RECORDS TO PROCESS:
·····
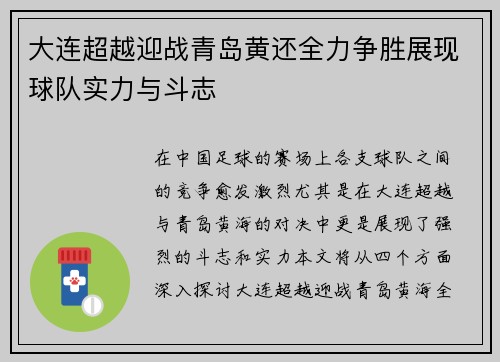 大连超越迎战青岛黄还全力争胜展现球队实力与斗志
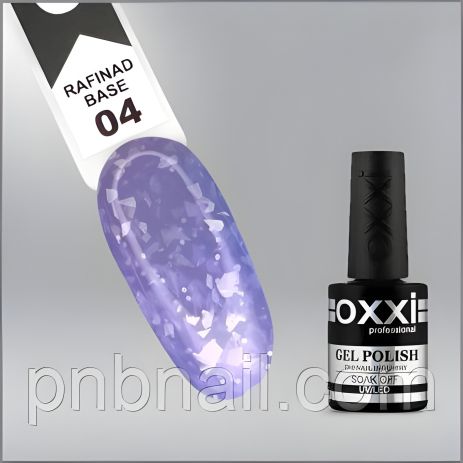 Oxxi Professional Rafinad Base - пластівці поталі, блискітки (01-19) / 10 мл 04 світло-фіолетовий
·····
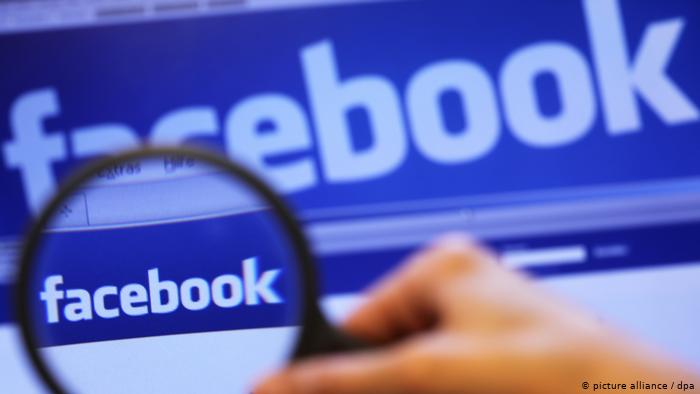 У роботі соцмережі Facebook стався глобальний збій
·····
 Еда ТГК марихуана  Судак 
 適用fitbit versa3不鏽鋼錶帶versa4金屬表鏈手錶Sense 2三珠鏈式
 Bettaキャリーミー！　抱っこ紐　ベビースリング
·····
TASK INSTRUCTIONS: In the listing above, the lines from the one containing "Еда ТГК марихуана" through the one containing "Bettaキャリーミー！　抱っこ紐　ベビースリング" must be set down exactly, with no other lines.

RESPONSE AREA:
 Еда ТГК марихуана  Судак 
 適用fitbit versa3不鏽鋼錶帶versa4金屬表鏈手錶Sense 2三珠鏈式
 Bettaキャリーミー！　抱っこ紐　ベビースリング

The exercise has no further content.